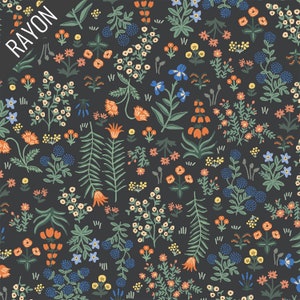 Menagerie Garden Rayon in Black (rp701-bk4r) | Camont | Rifle Paper Co | Cotton+Steel | fcdmxv - fdbyae - fs4w0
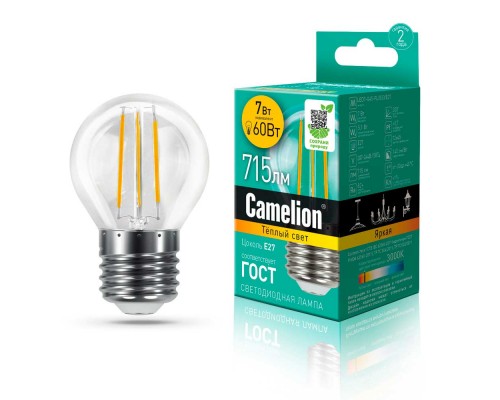 Лампа светодиодная Camelion E27 7W 3000K LED7-G45-FL/830/E27 13457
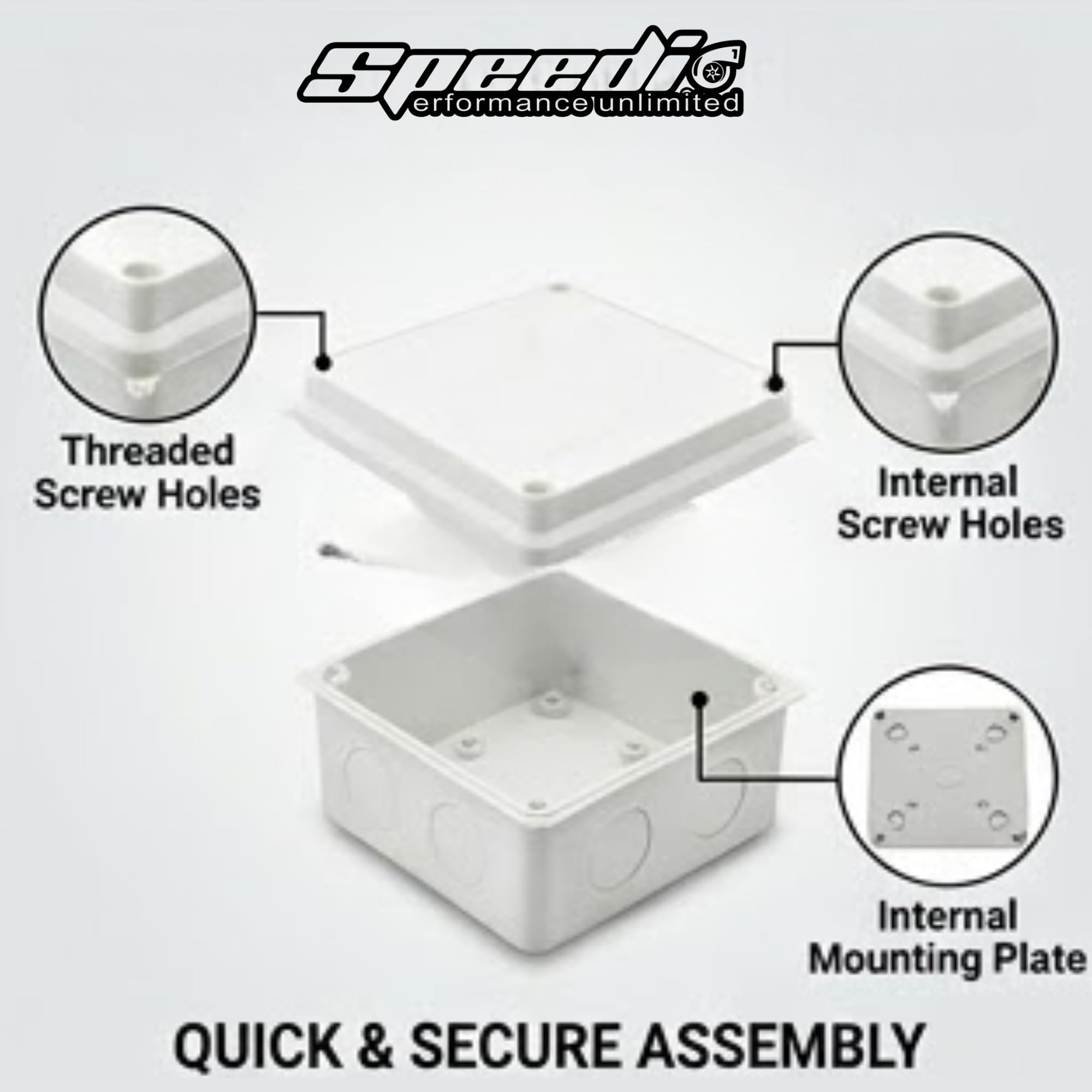Speedio 4x4 Inch Outdoor Waterproof Square PVC Junction Box Without Bush/Pvc Box for CCTV Cameras (IP66) - Pack of 2 Nos — Amazon image 4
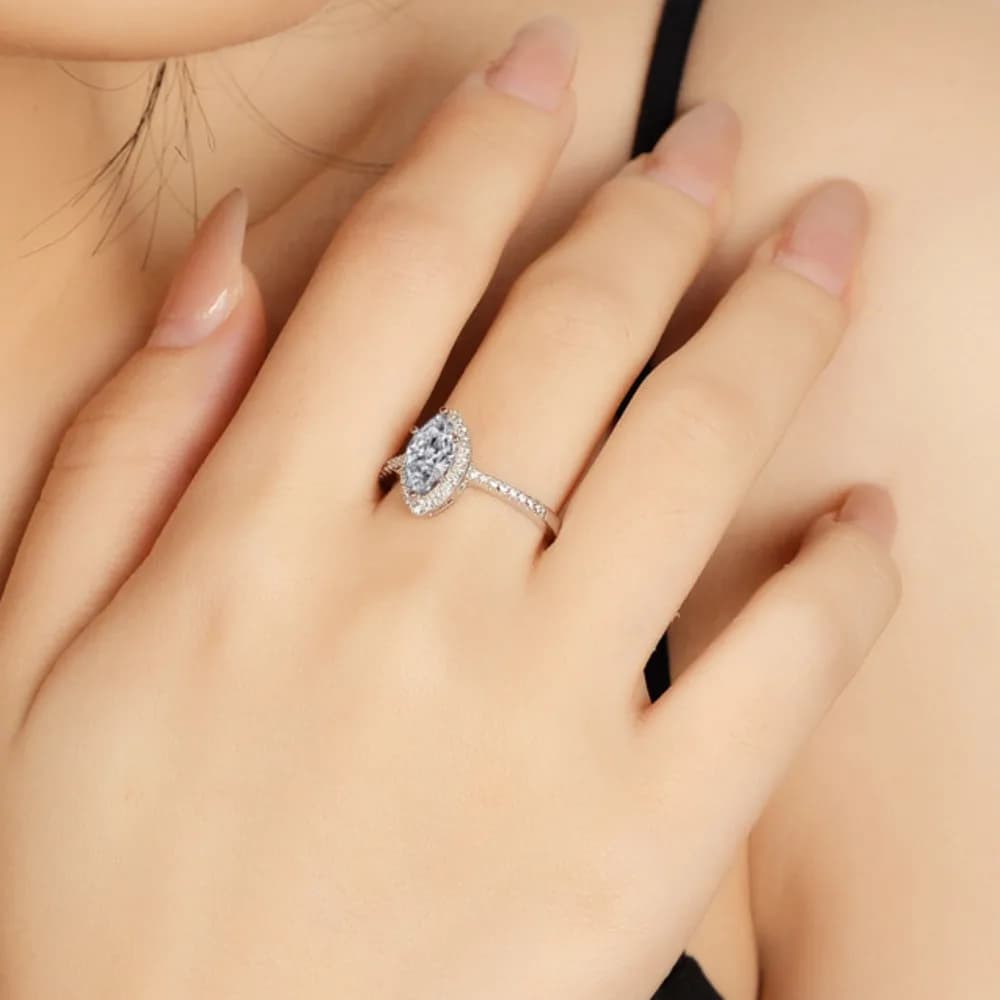 Bague en argent BR S925, bague en moissanite taille marquise 1 carat pour femme, style européen et américain, bijoux en moissanite exquis D VVS1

About this task: Retype only the lines from the line with "Лампа светодиодная Camelion" through the last line of the data. Keep both ends and skip the pictures.

Exercise output:
 Лампа светодиодная Camelion E27 7W 3000K LED7-G45-FL/830/E27 13457
Speedio 4x4 Inch Outdoor Waterproof Square PVC Junction Box Without Bush/Pvc Box for CCTV Cameras (IP66) - Pack of 2 Nos — Amazon image 4
 Bague en argent BR S925, bague en moissanite taille marquise 1 carat pour femme, style européen et américain, bijoux en moissanite exquis D VVS1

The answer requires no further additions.